You're somewhat misusing the term "pass by value" and "pass by reference" here. What you really are discussing is const
. In C++, you can refer to a const
instance of a mutable class. There is no similar concept for ObjC objects (or in Ruby I believe, though I am much less familiar with Ruby than ObjC). ObjC does, via C, have the concept of const
pointers, but these are a much weaker promise.
The best solution to this in ObjC is to prefer value (immutable) classes whenever possible. See Imutability in Objective-c for more discussion on that.

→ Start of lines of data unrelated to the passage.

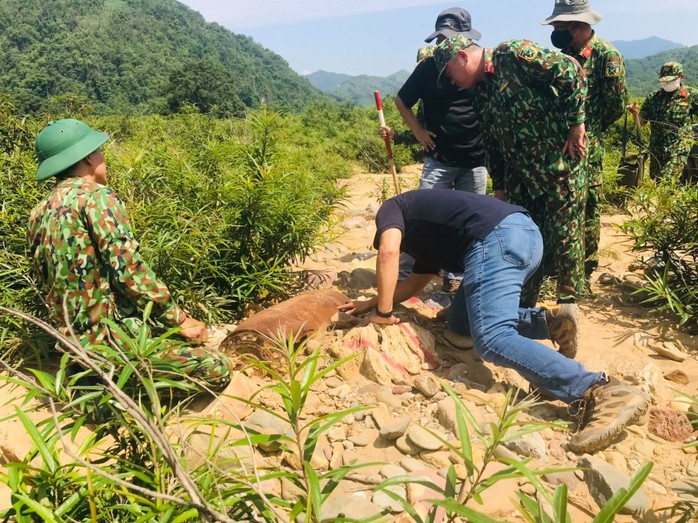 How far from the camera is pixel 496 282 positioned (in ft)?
8.46

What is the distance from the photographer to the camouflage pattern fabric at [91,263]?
2307mm

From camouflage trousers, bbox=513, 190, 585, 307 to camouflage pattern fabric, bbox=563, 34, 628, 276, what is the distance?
26 centimetres

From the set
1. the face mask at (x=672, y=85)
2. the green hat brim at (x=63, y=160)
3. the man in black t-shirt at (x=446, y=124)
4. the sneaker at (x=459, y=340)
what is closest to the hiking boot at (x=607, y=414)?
the sneaker at (x=459, y=340)

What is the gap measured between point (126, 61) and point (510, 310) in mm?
90831

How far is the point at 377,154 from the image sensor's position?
1389 centimetres

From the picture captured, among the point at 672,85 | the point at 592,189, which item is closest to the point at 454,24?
the point at 592,189

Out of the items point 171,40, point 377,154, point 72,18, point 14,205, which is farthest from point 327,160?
point 72,18

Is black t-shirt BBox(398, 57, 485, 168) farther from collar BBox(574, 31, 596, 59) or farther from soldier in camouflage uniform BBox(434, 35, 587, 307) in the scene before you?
collar BBox(574, 31, 596, 59)

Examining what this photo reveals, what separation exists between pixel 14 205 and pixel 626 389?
4.01 m

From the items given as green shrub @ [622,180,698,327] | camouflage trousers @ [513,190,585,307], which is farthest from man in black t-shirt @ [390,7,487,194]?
green shrub @ [622,180,698,327]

The next-best solution is to, as a matter of design, avoid this situation. Avoid side effects in your methods that are not obvious from the name. By avoiding this as a matter of design, callers should not need to worry about it. Remember, the caller and the called are on the same team. Neither should be trying to protected itself from the other. Good naming and good API design help the developer avoid error without compiler enforcement. ObjC has little compiler enforcement, so good naming and good API design are absolutely critical. I would say the same for Ruby, despite my limited experience there, in that it is also a highly dynamic language.
Finally, if you are dealing with a poorly behaved API that does modify your object when it shouldn't, you can resort to passing it a copy
.
But if you're designing this from scratch, think hard about using an immutable class whenever possible.